§ Materials provided:

--------------------------------

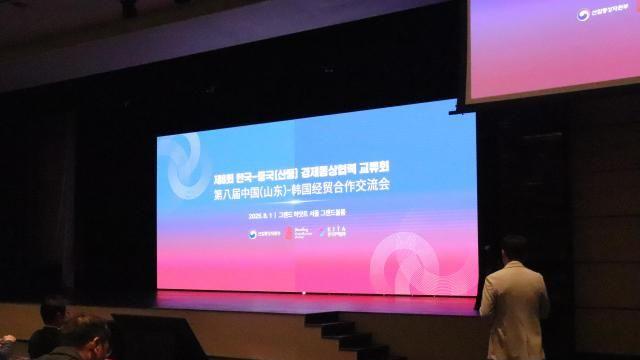 第8届韩国—山东省经贸合作交流会在首尔举办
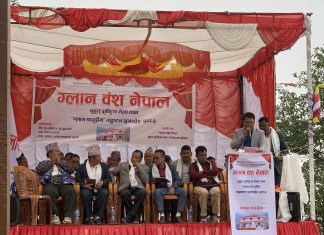 ग्लान वंशको प्रथम राष्ट्रिय भेला सम्पन्न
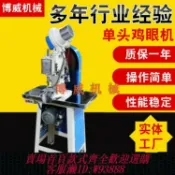 樂購優選 {台灣公司貨 可打統編}烏眼雞全自動雞眼機單雙頭氣眼機吊牌紙箱紙袋打扣支持定做雞眼機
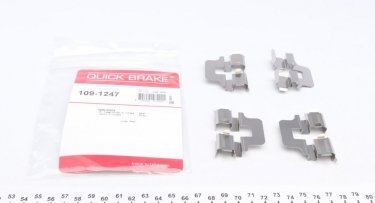 Купить 109-1247 QUICK BRAKE Ремкомплект тормозных колодок B-Class W245 (1.5, 1.7, 2.0)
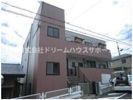 二葉マンションの外観画像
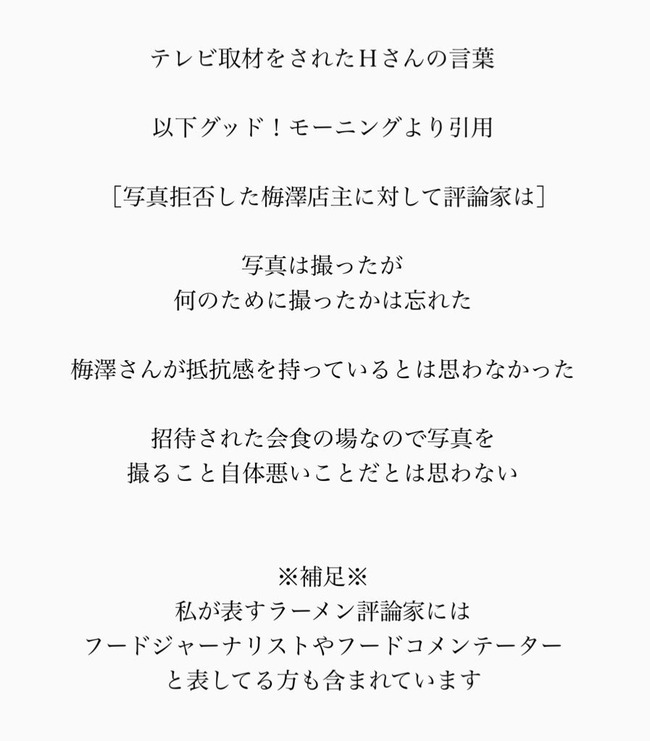AKB ラーメン屋 評論家 ラーメン評論家 パワハラ セクハラ 中傷 癒着 梅澤愛優香に関連した画像-02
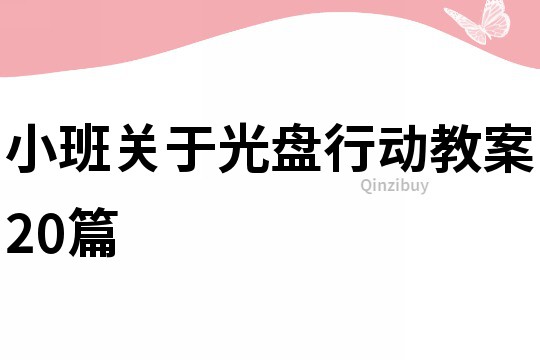 小班关于光盘行动教案20篇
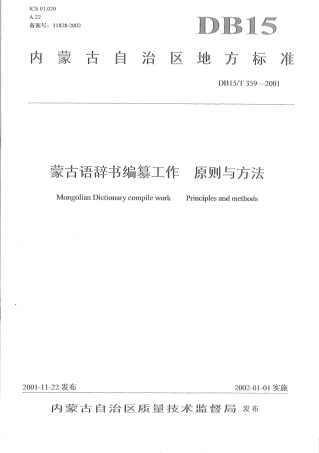 【地方标准】DB15∕T 359-2001 蒙古语辞书编纂工作 原则与方法.pdf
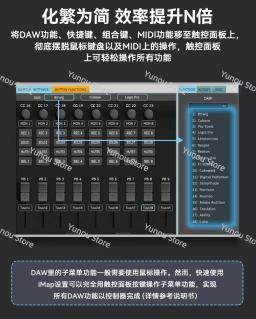 Controlador P1 Nano Touchable Fader Elétrico MIDI, Mobile Audio Workstation, Novo Produto - Image 4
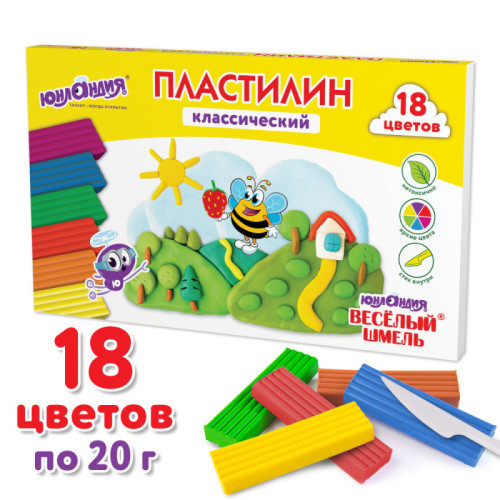 Пластилин классический ЮНЛАНДИЯ "ВЕСЁЛЫЙ ШМЕЛЬ", 18 цветов, 360 грамм, стек, ВЫСШЕЕ КАЧЕСТВО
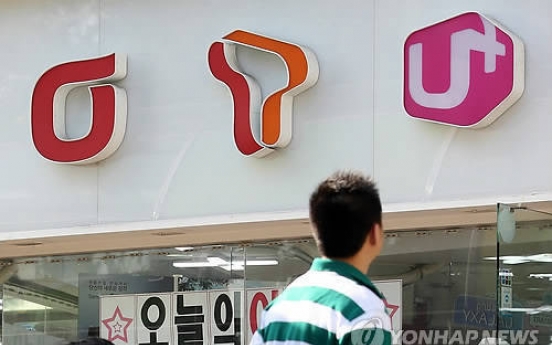Korea fails to pick 4th mobile carrier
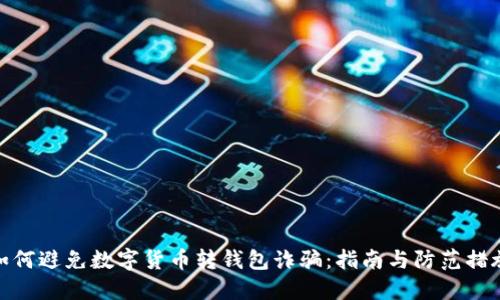 如何避免数字货币转钱包诈骗：指南与防范措施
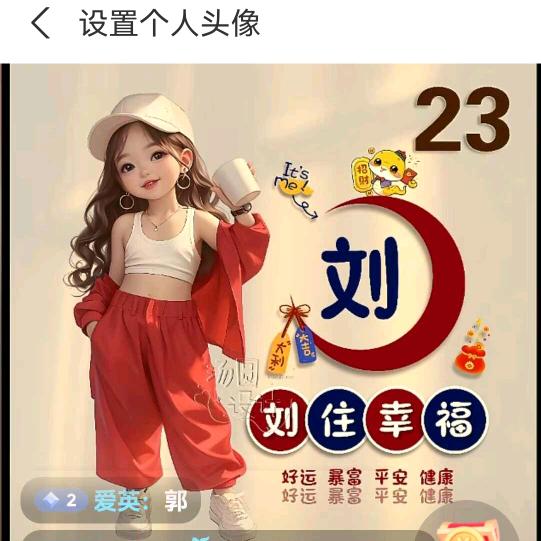 芳姐@
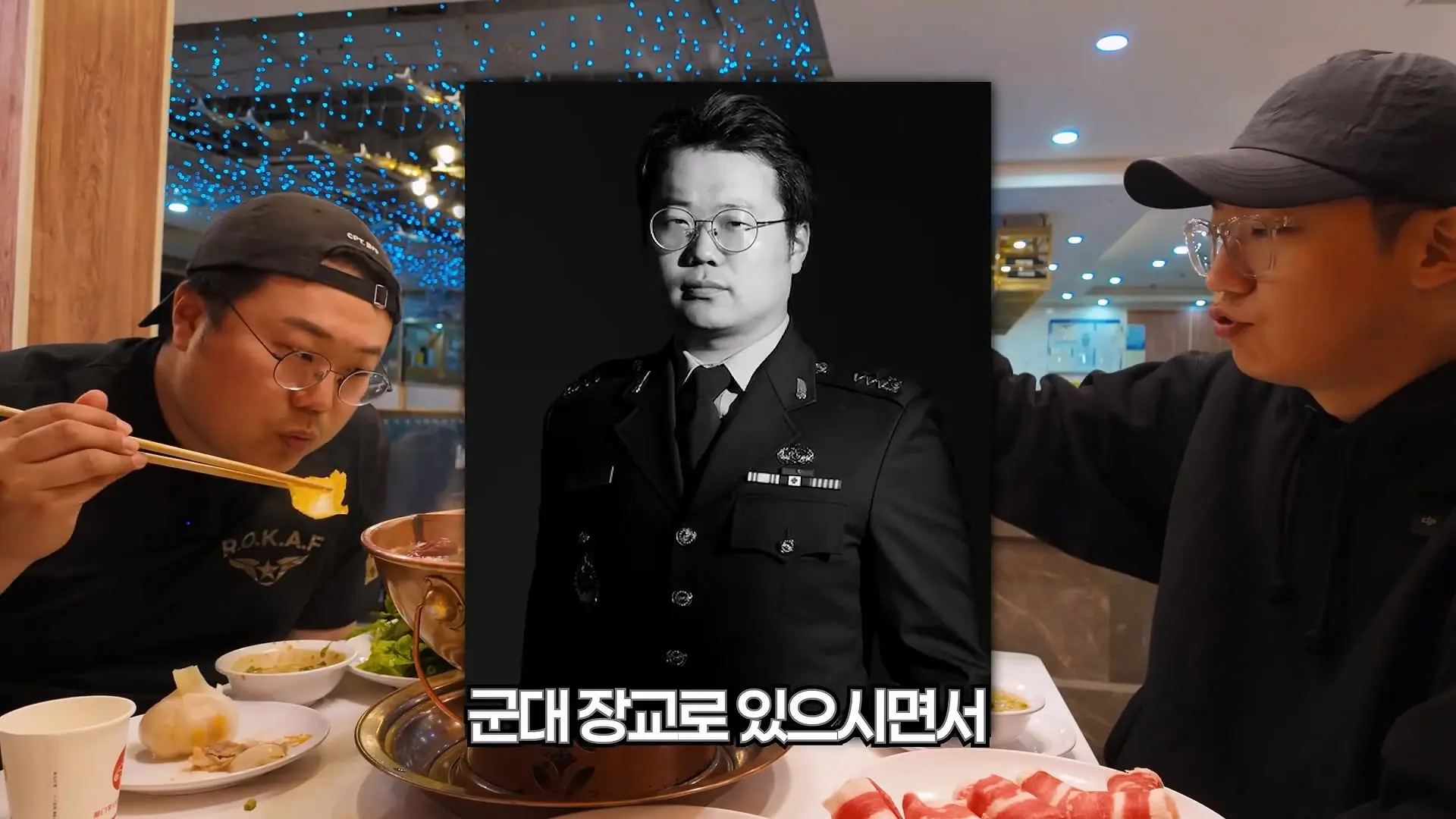 캡틴따거에게 학벌의 의미를 묻다 (중국 칭화대 앞 훠궈집 올로케)_20260623_120533.940.jpg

--------------------------------

§ Problem description: Pictures aside, repeat each entry in full and without change.

§ Solution to this task:
 第8届韩国—山东省经贸合作交流会在首尔举办
 ग्लान वंशको प्रथम राष्ट्रिय भेला सम्पन्न
 樂購優選 {台灣公司貨 可打統編}烏眼雞全自動雞眼機單雙頭氣眼機吊牌紙箱紙袋打扣支持定做雞眼機
 Купить 109-1247 QUICK BRAKE Ремкомплект тормозных колодок B-Class W245 (1.5, 1.7, 2.0)
 二葉マンションの外観画像
AKB ラーメン屋 評論家 ラーメン評論家 パワハラ セクハラ 中傷 癒着 梅澤愛優香に関連した画像-02
 小班关于光盘行动教案20篇
 【地方标准】DB15∕T 359-2001 蒙古语辞书编纂工作 原则与方法.pdf
 Controlador P1 Nano Touchable Fader Elétrico MIDI, Mobile Audio Workstation, Novo Produto - Image 4
 Пластилин классический ЮНЛАНДИЯ "ВЕСЁЛЫЙ ШМЕЛЬ", 18 цветов, 360 грамм, стек, ВЫСШЕЕ КАЧЕСТВО
Korea fails to pick 4th mobile carrier
 如何避免数字货币转钱包诈骗：指南与防范措施
 芳姐@
 캡틴따거에게 학벌의 의미를 묻다 (중국 칭화대 앞 훠궈집 올로케)_20260623_120533.940.jpg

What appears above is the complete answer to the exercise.